When parents are asked, “What do you want most for your children?” The near-universal response is: “I just want my kids to be happy.” It is no bad thing to want our children to be happy - but happiness, like all feelings, comes and goes.

For a child to be happy, it’s necessary for us, as parents, to accept all their emotions – including the ones we find less pleasant. When we try to block out a negative feeling, we limit our ability to experience positive feelings too. Emotions don’t have a ‘mixing board’, they just have a ‘master volume’. We can’t fade out sadness and pain and fade up happiness and joy. If we turn one down, they all go down.

The secret to having happy kids is to teach them to tolerate being unhappy. As parents, our efforts are better served in teaching our children to work through their big emotions — feelings like anger, frustration, and, yes, disappointment — rather than trying to protect them from them.

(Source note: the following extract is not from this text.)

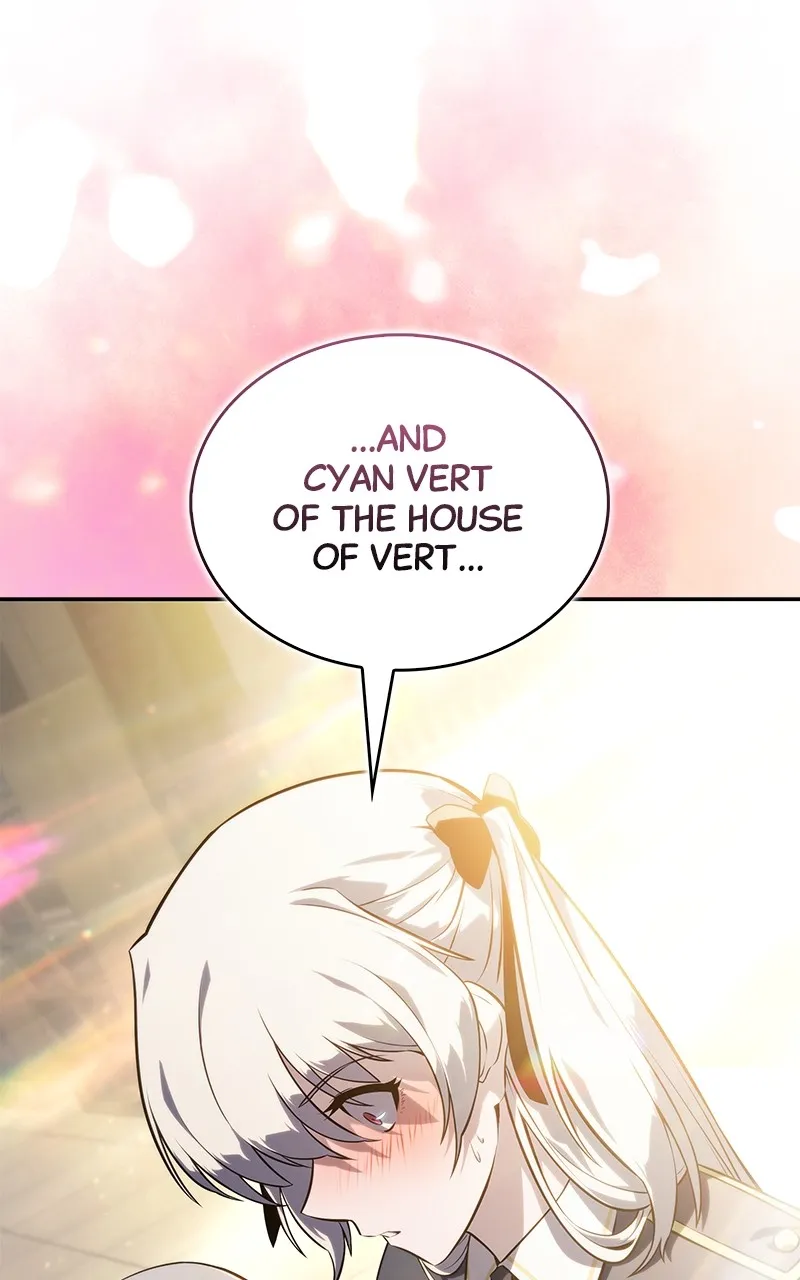 The Reborn Young Lord is an Assassin Chapter 67 page 115 -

It’s never too early to show a child how to handle their feelings. When parents manage their feelings well in front their children, even with their infants, they are helping model positive emotional management. Over time, copy our behavior, essentially borrowing and implementing the tools we’ve shown them to manage their own emotions.

When we focus too much on an unattainable need to be happy, we undermines our lives. Every life involves pain and pleasure. If we try to banish pain, numb it or distract ourselves from feeling it fully then we don’t learn the skills we need to deal with it.

If we can switch from “I just want them to be happy” to “I want them to be able to manage their emotions in healthy ways” we are one giant step in the right direction. Imagine if we were all able to better manage our emotions.

We’d have a society where violence would be diminished and relationships less fraught. We’d still have our disappointments and our frustrations, but we’d have an emotional tool box to handle the challenges. That’s a world I want my child to grow up in.